In Guess My Word http://hryanjones.com/guess-my-word/, your goal is to make guesses at a secret word that the computer has generated. After each guess, the game tells you whether your guess is before or after the secret word lexicographically. Being bad at it, Andy wants to write a program to solve the problem optimally. In this lab, you'll explore a couple ideas he has and help him write the program.

In [2]:
import matplotlib.pyplot as plt
import numpy as np

## Modeling the Game

Suppose we have obtained a list of the words used in the game. Each word has a count that represents relatively how often it appears in the English language. Suppose the secret word is chosen proportionally to this count. The code in the cells below simulates the game. There are a few things to note:

- The count is proportional to the probability that each word is chosen, and will be the probability distribution when normalized (that is, when divided by the sum of all counts).
- In this version of the game, we're assuming guesses are only allowed to come from the list of possible words used.
- We're also assuming that you aren't told the secret word if you guess it correctly. If your guess matches the secret word, the game will tell you that the secret word is lexicographically after your guess.
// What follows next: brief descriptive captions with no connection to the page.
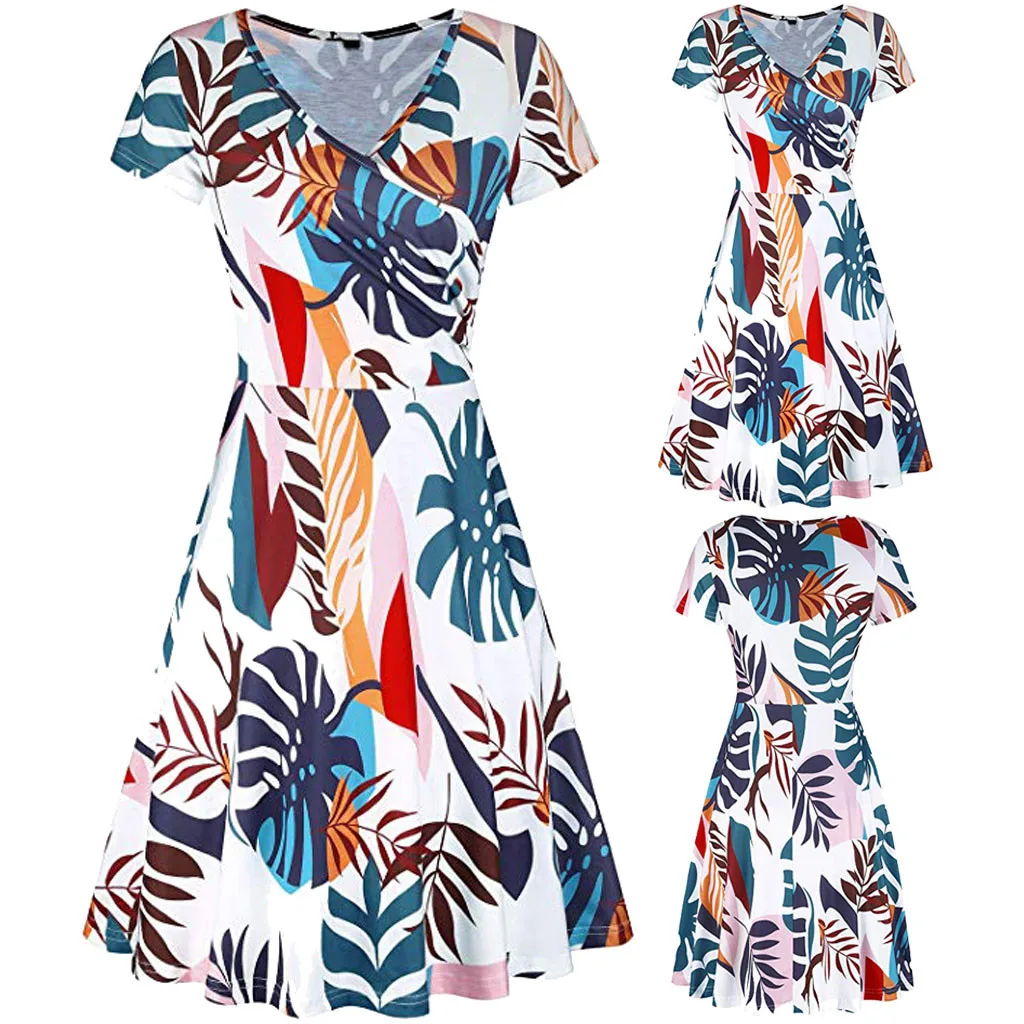 Женское платье трапециевидной формы Boho с v-образным вырезом и коротким рукавом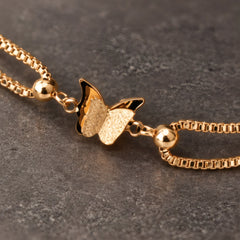 Avenelle Butterfly Double Box Chain Anklet - Gold - jewelry - Hendlys - Image 4
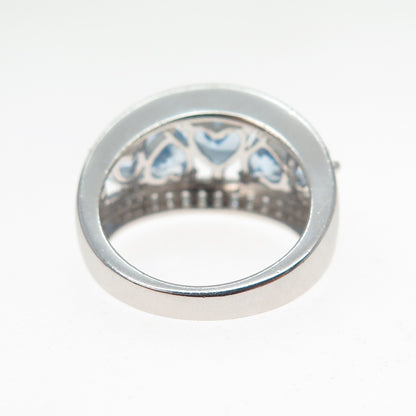 KEY STAR 925 Sterling Silver Heart & Round-Cut Blue White C Z Ring Size 6.25
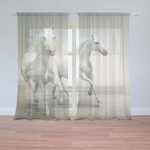 Sablio Záclony Dva bílí koně: 2ks 150x250cm – Hledejceny.cz
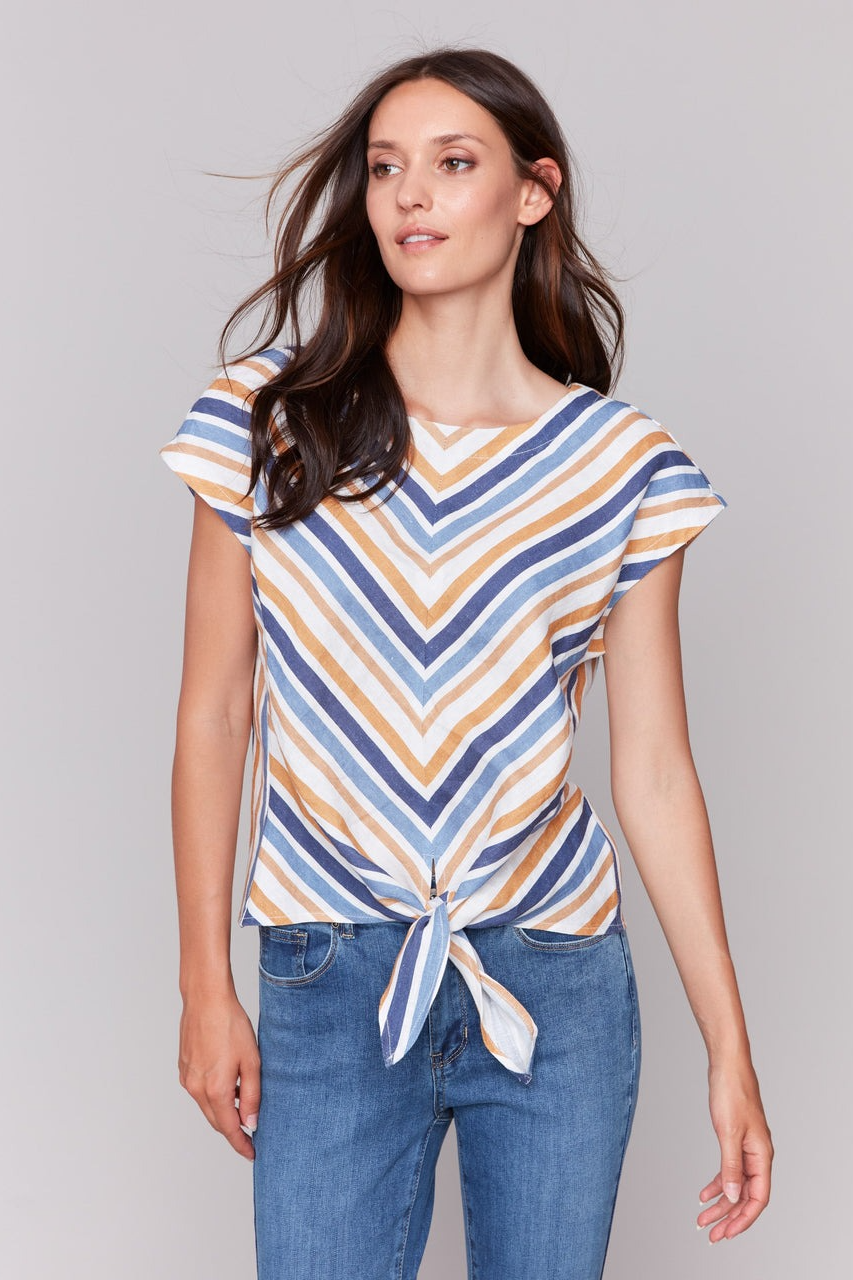 Striped Linen Blend Tie-Front Blouse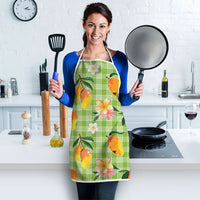 Aloha Hawaii Palaka Print Mango Plumeria Apron Cool Mint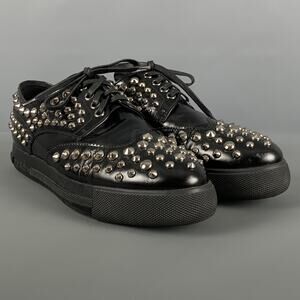 PRADA Size 7.5 Black Leather Studded Lace Up Laces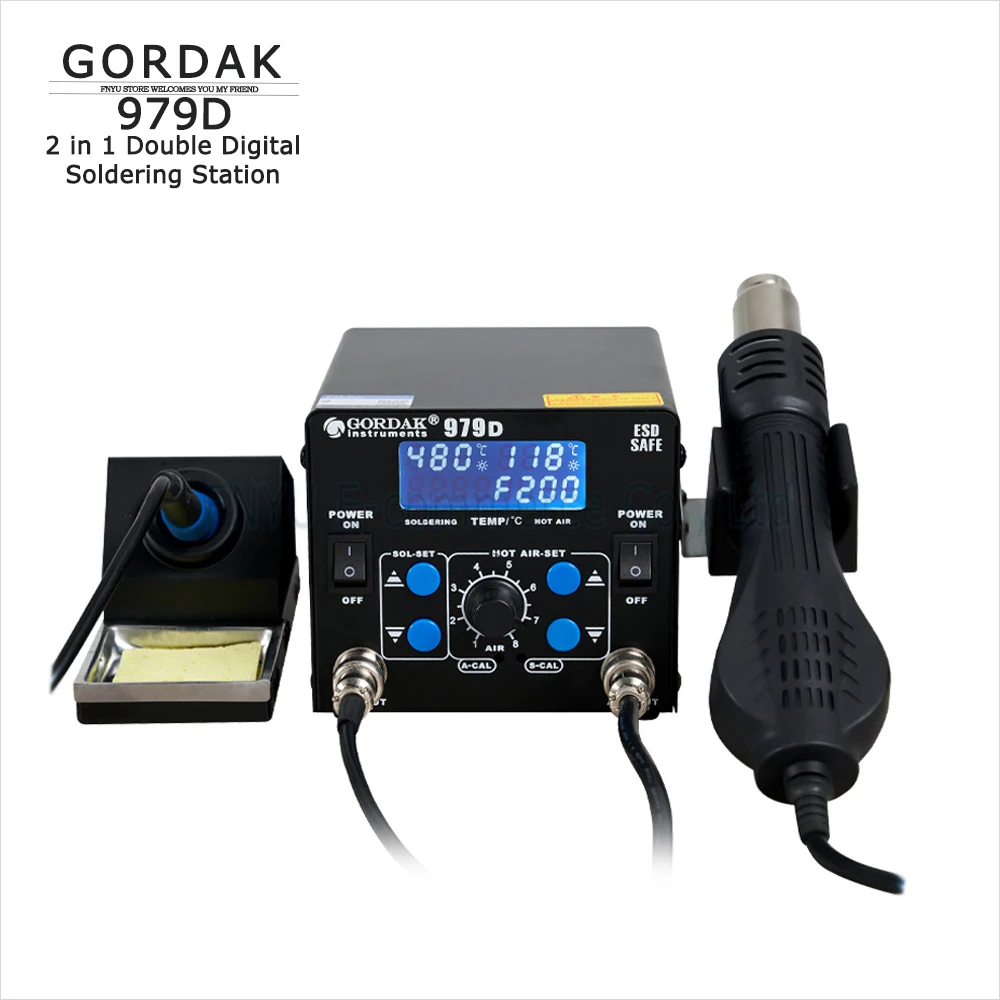 

GORDAK 979D 2 in 1 Soldering Station Double Digital 220V SMD Rework Hot Air Gun Solder Iron ESD Welding Desoldering Repair Tool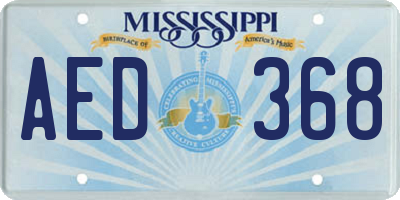 MS license plate AED368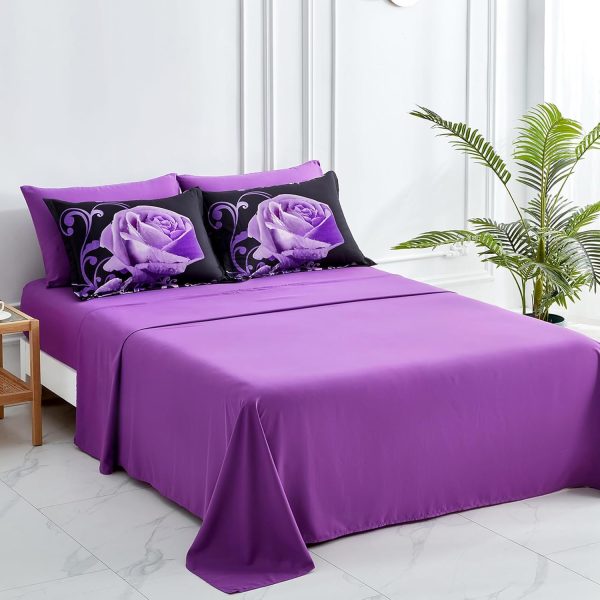 WONGS BEDDING Purple Comforter Set Queen, Reversible Purple ... - Image 6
You have to deduce it yourself.

In [3]:
from words import WORD_COUNT

In [4]:
type(WORD_COUNT)

dict

In [5]:
total_count = sum(WORD_COUNT.values())
sorted_words = sorted(list(WORD_COUNT))
sorted_word_counts = np.array([WORD_COUNT[w] for w in sorted_words])
cumulative_counts = np.cumsum(sorted_word_counts)

In [6]:
print(f'Total count: {total_count}')
print('First 10 sorted words:', *sorted_words[:10])
print(f'Counts associated with these words: {list(sorted_word_counts[:10])}')
print(f'Cumulative counts associated with these words: {list(cumulative_counts[:10])}')

Total count: 37009
First 10 sorted words: abstain accept across action active adhere afraid against alive allegory
Counts associated with these words: [2, 24, 111, 122, 23, 1, 116, 221, 16, 1]
Cumulative counts associated with these words: [2, 26, 137, 259, 282, 283, 399, 620, 636, 637]


The following function uses binary search to find the word associated with an index ranging from $0$ to total_count minus $1$. For example, `binary_search_word_generation(126)` will return the third word, "across". Take a minute to convince yourself why before moving on.

In [7]:
def binary_search_word_generation(index):
    assert 0 <= index < total_count
    low, high = 0, len(sorted_words) - 1
    while low < high:
        mid = (low + high) // 2
        if cumulative_counts[mid] > index:
            high = mid
        else:
            low = mid + 1
    return sorted_words[low]

In [8]:
binary_search_word_generation(126)

'across'

**In the following cell, implement `generate_secret_word` using `binary_search_word_generation`.**

In [9]:
def generate_secret_word():
    # BEGIN YOUR SOLUTION
    i = np.random.randint(total_count)
    return binary_search_word_generation(i)
    # END YOUR SOLUTION

This cell creates a game by generating a secret word and returning `guess_function`, which is a function that returns True if the guess is lexicographically "less than" the secret word, and False otherwise.

In [10]:
def create_game(secret_word):
    def guess_function(guess):
        assert guess in WORD_COUNT
        return guess < secret_word
    return guess_function

## Binary Search Idea

The first idea is to ignore the counts and perform binary search on the possible words. In the cell below, `binary_search_game` receives a `guess_function` which was created by a call to `create_game`. Your code should use this `guess_function` to deduce what the secret word is, as well as keep track of how many guesses it took. **In the cell below, write code that returns the deduced secret word and number of guesses required**.  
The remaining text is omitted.